DÜNYA
IŞİD'le mücadelenin yeni adı: 3. Irak Savaşı
Dış politia konularında son derece çarpıcı açılımlara imza atan Yeni Şafak Gazetesi Genel Yayın Yönetmeni İbrahim Karagül, dünyanın, sonunu merakla beklediği IŞİD terörü ilgili de son günlerin en net değerlendimesini yazdı.
İşte Karagül'ün en net yorumu:"Kim ne derse desin bu, 1991 Körfez Savaşı ve 2003 Irak işgalinden sonraki 'Üçüncü Irak Savaşı'dır. Her ABD başkanına bir kahramanlık hikayesi yazılır. Galiba Barack Obama için de böyle bir senaryo hazırlandı. O da bir savaş kahramanı olacak ve gelenek değişmeyecek."
3. Irak Savaşı ve IŞİD'i Cehenneme göndermek!
Bir önceki yazıda; 'Türkiye'den asker istemeyin.

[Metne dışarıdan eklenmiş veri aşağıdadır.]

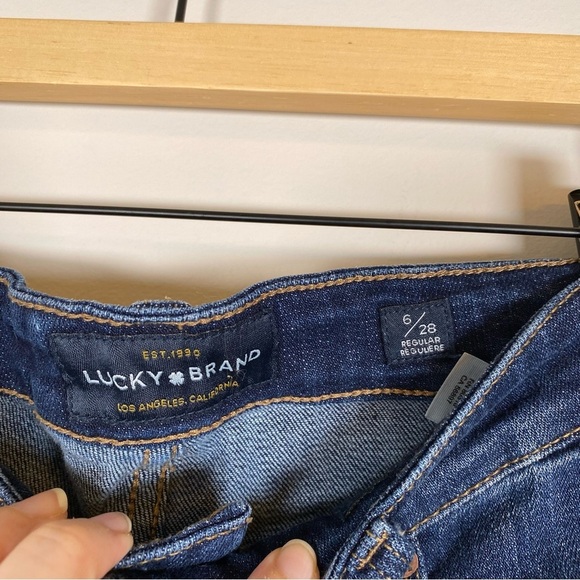 Lucky Brand Women's Sweet Boot Cut Dark Wash Denim Blue Jeans Size 6/28 Regular - Picture 3 of 6
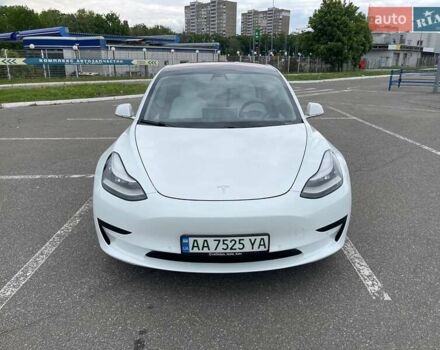 Белый Тесла Модель 3, объемом двигателя 0 л и пробегом 101 тыс. км за 16000 $, фото 4 на Automoto.ua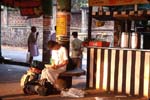 ... i v�ntan p� bussen till Munnar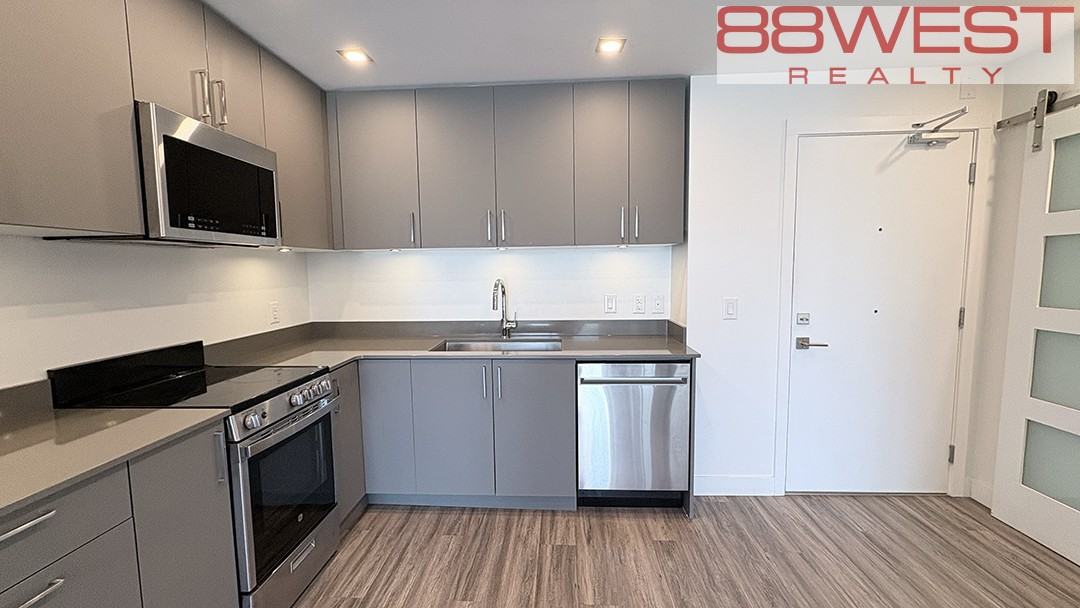 181 6th Street West #8 - Photo 2 of 24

Kara gücü olarak Bağdat yönetimine ait askerleri ve Kuzey Irak yönetiminin askeri birliklerini kullanın. Ancak bunu yapsanız bile bu birlikler üzerinden kara operasyonu başarılı olmayabilir' demiştim.
Gerçekten de öyle yapıyorlar. Kürt yönetiminin askeri unsurları ile IŞİD karşısında tanklarını toplarını bırakıp kaçan Bağdat yönetiminin askerlerini kara gücü olarak kullanacaklar. Ayrıca Suriye ve Irak'taki hemen bütün örgütleri de bir çatı altında toplayacaklar. En azından şu ana kadar böyle bir hazırlığın işaretleri var.
Tek bir noktaya odaklanmışlar. Oluşturacakları koalisyonun ne tür sorunlara yol açacağını, yapacakları operasyonun arkasında nasıl bir enkaz bırakacağını, kaç tane daha örgüt ortaya çıkaracağını, bunun da Irak-Suriye hattında sonu gelmez çatışmalara yol açacağını hesap etme gereği bile duymamışlar.
3. Irak Savaşı
Kim ne derse desin bu, 1991 Körfez Savaşı ve 2003 Irak işgalinden sonraki 'Üçüncü Irak Savaşı'dır. Her ABD başkanına bir kahramanlık hikayesi yazılır. Galiba Barack Obama için de böyle bir senaryo hazırlandı. O da bir savaş kahramanı olacak ve gelenek değişmeyecek.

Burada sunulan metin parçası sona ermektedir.